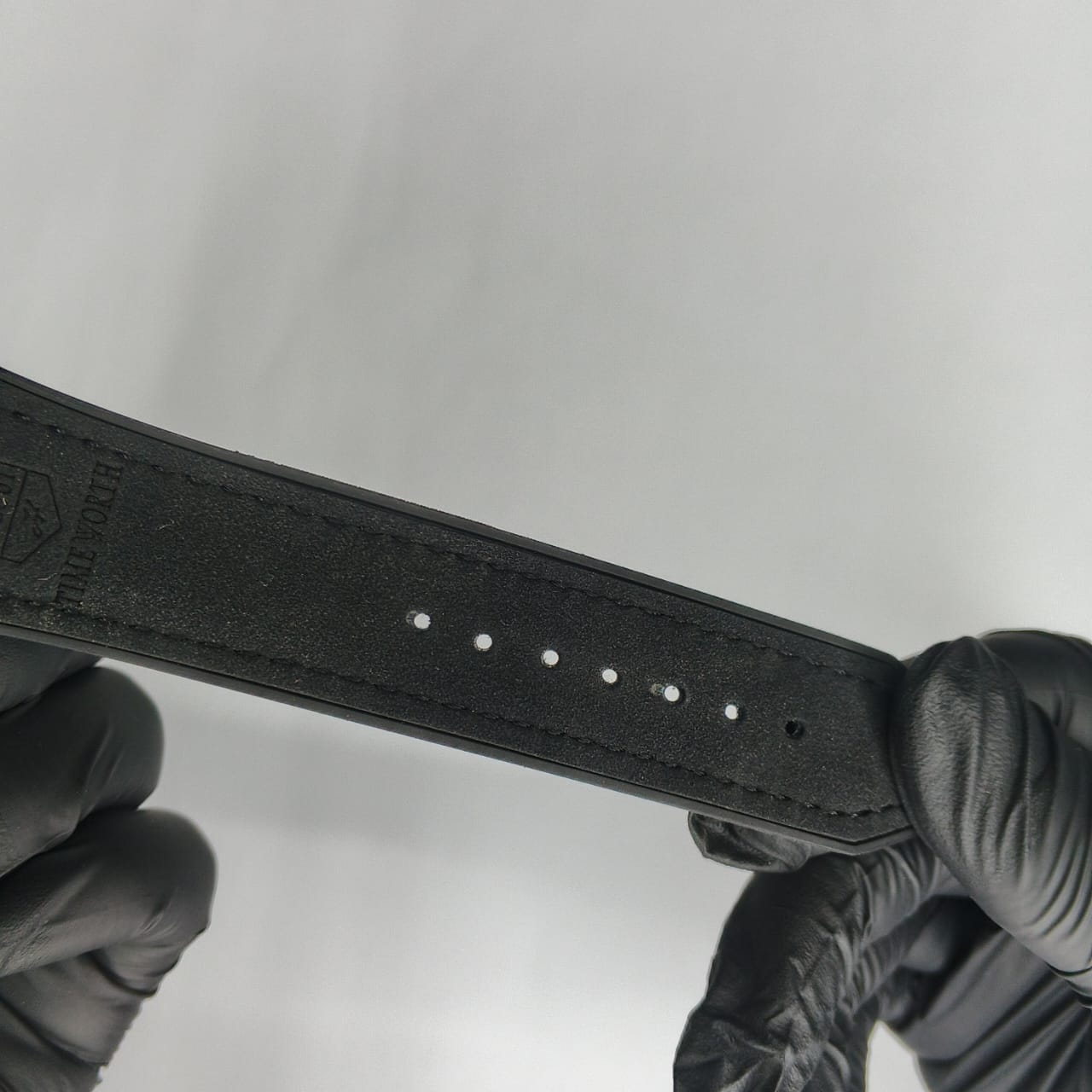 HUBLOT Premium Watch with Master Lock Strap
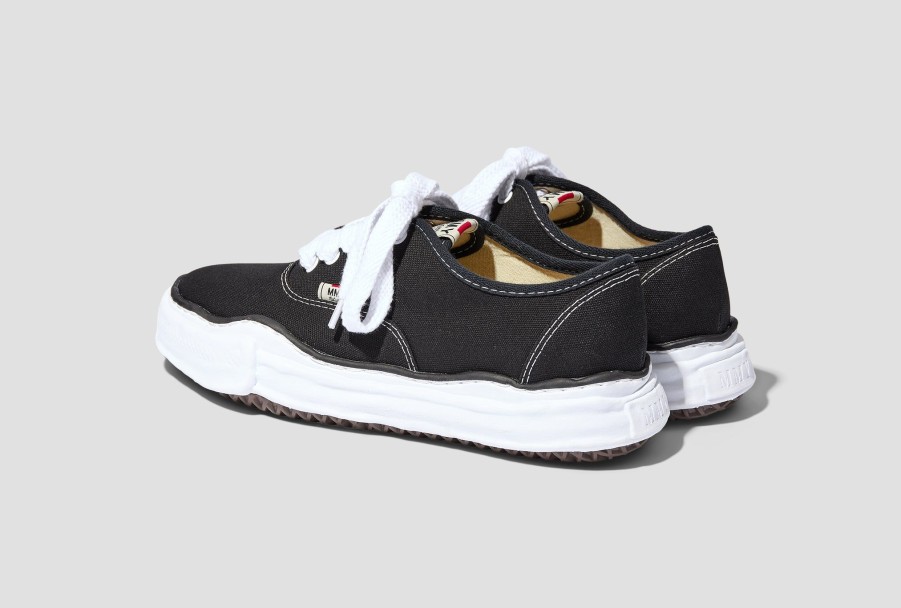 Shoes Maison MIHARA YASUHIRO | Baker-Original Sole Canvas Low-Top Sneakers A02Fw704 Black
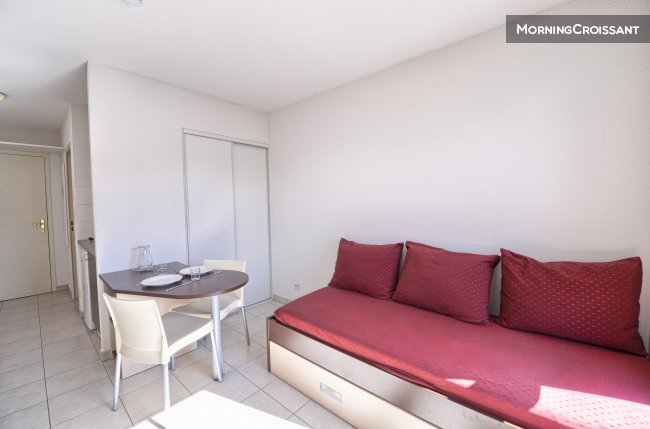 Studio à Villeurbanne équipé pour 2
● ● ●
#### To do
Could you write out the whole listing exactly, skipping every picture?

#### Result of this task
 HUBLOT Premium Watch with Master Lock Strap
 Shoes Maison MIHARA YASUHIRO | Baker-Original Sole Canvas Low-Top Sneakers A02Fw704 Black
 Studio à Villeurbanne équipé pour 2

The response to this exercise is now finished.